VSHORADS must be distinguished from adjacent air-defence terms. It is narrower in scope than a Short Range Air Defence (SHORAD) system, which engages targets at greater ranges and altitudes and is usually vehicle-mounted rather than man-portable. It differs from the Akash medium-range surface-to-air missile, which uses command guidance and ramjet propulsion against targets tens of kilometres distant, and from the air-defence gun systems and counter-UAS jammers that occupy the same low-altitude band but rely on kinetic projectiles or electronic effects rather than a guided interceptor. As a MANPADS, VSHORADS belongs to the same category as the American FIM-92 Stinger, the Russian Igla and Verba, the British Starstreak, and the Swedish RBS 70, against which it was effectively benchmarked during requirement formulation.
The programme sits amid notable strategic and policy debates.

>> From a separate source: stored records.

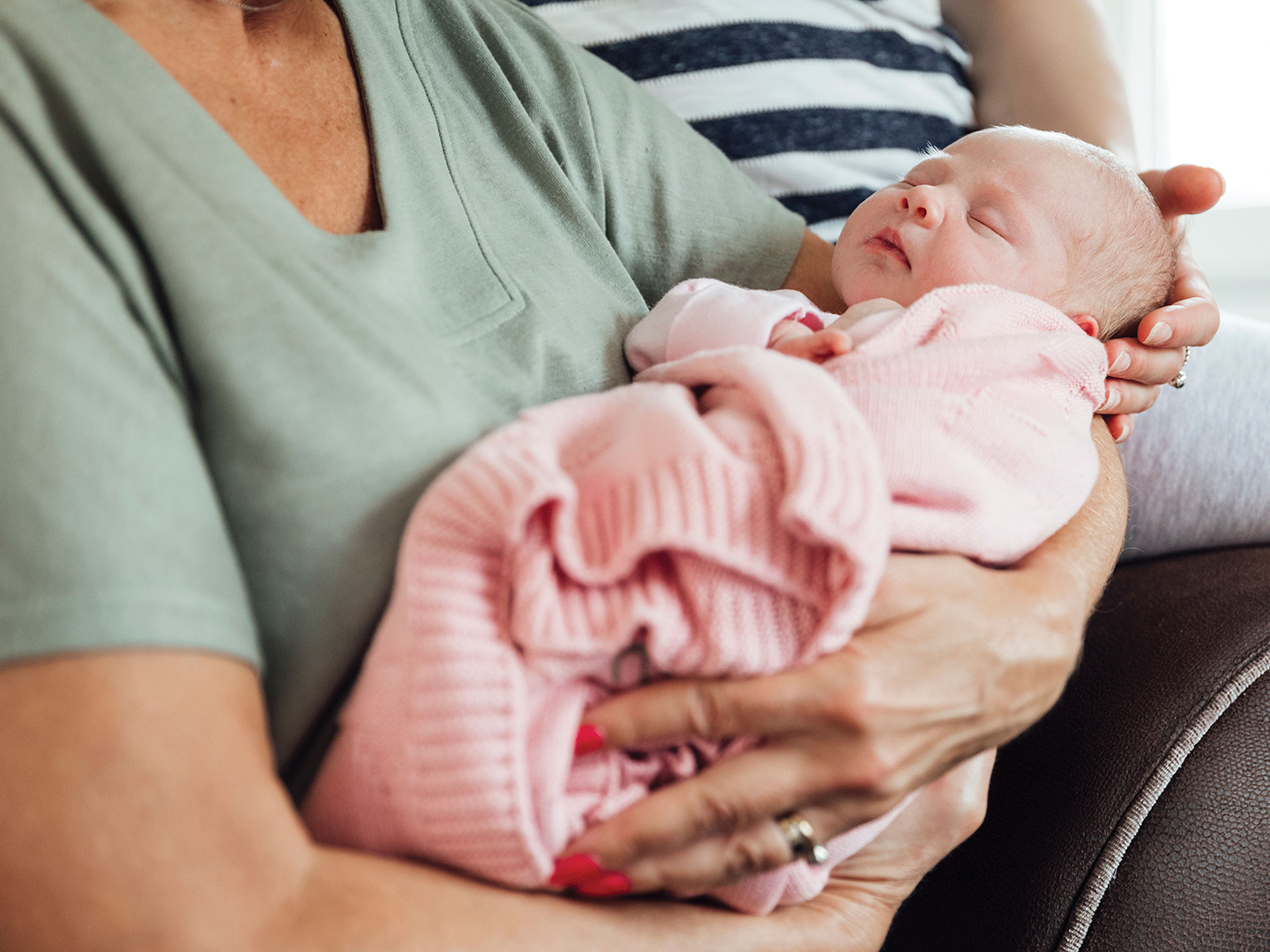 Grandma holding baby girl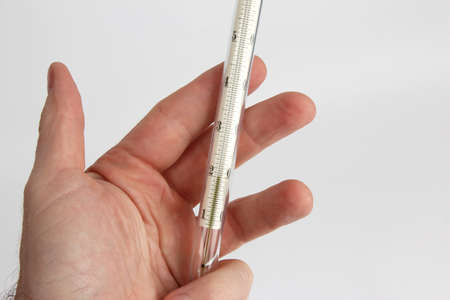 thermometer in hand closeup on a light backgroundの写真素材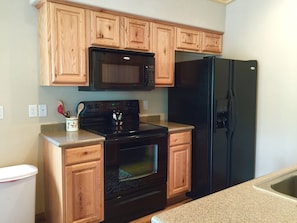 Fully stocked kitchen with a air popcorn popper and basic spices. 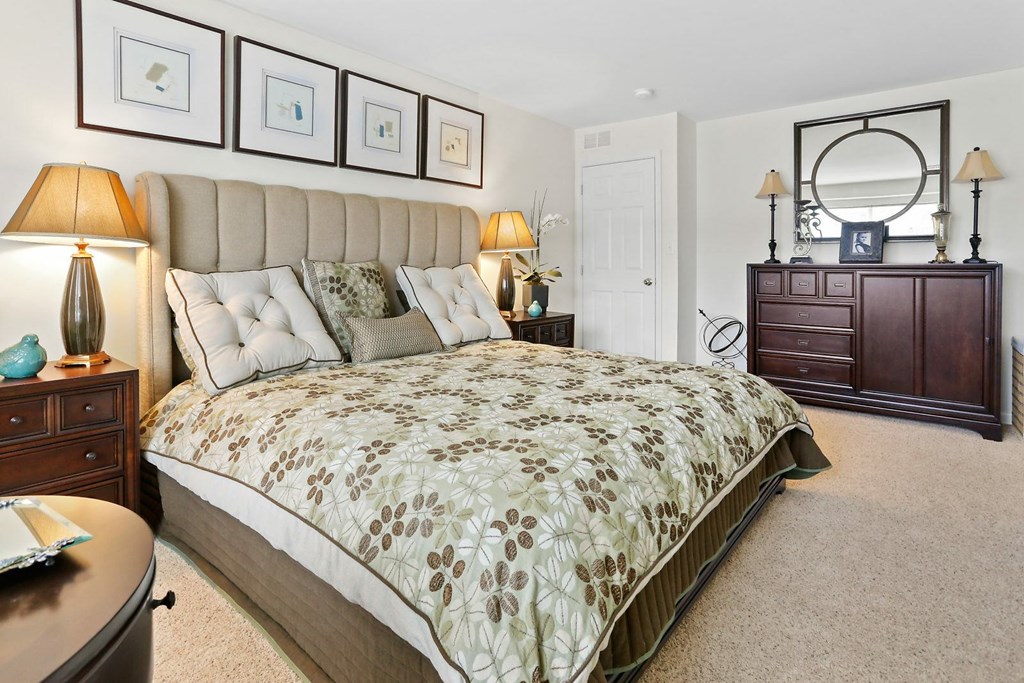 A bedroom with a large bed and a dresser.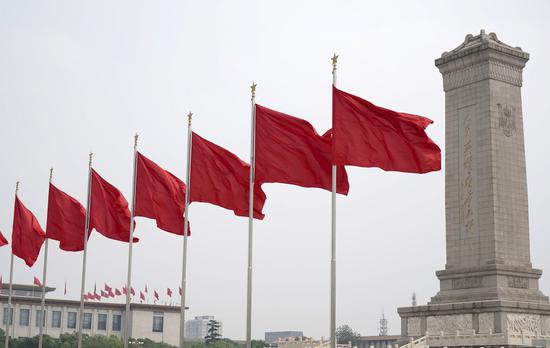 Photo taken on May 21, 2020 shows red flags on the Tian'anmen Square in Beijing, capital of China. (Xinhua/Cai Yang)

MANPADS are subject to stringent international export-control attention because their proliferation to non-state actors poses a direct threat to civil aviation; the Wassenaar Arrangement and successive G8 commitments since 2003 impose end-use and stockpile-security obligations, meaning any future export of VSHORADS would carry significant control burdens. Domestically, the project's history reflects the recurrent tension between speed of induction and indigenisation: earlier tenders favouring foreign suppliers were repeatedly delayed, and the operational urgency exposed by the 2020 Ladakh standoff with China and the proliferation of cheap drones along both the western and northern frontiers sharpened demand for a sovereign capability. The rise of loitering munitions and swarm drones has further pressed designers to ensure the seeker can discriminate small, low-signature targets.
For the working practitioner — whether a UPSC aspirant addressing GS Paper III science-and-technology and internal-security themes, a defence-desk journalist, or a policy analyst — VSHORADS is a compact case study in India's defence self-reliance trajectory. It illustrates how a single weapon programme intersects indigenisation policy, the structure of layered air defence, public-private industrial partnership, and the contemporary drone threat. Candidates should be able to place it within the broader DRDO ecosystem alongside Akash, QRSAM, and the imported S-400, identify its role as the terminal, man-portable layer, and articulate why a sovereign MANPADS capability matters for both border security and strategic autonomy in an era of contested low-altitude airspace.
Example
DRDO flight-tested the VSHORADS missile from the Integrated Test Range at Chandipur, Odisha, in February 2023, successfully engaging high-speed low-altitude targets to validate the system before its planned induction into the Indian armed forces.
Frequently asked questions
VSHORADS is a man-portable, infrared-guided missile engaging low-altitude targets out to about six kilometres, forming the terminal layer of air defence. Akash is a medium-range, command-guided, ramjet-powered surface-to-air missile that intercepts threats tens of kilometres away, occupying a higher tier of the layered architecture.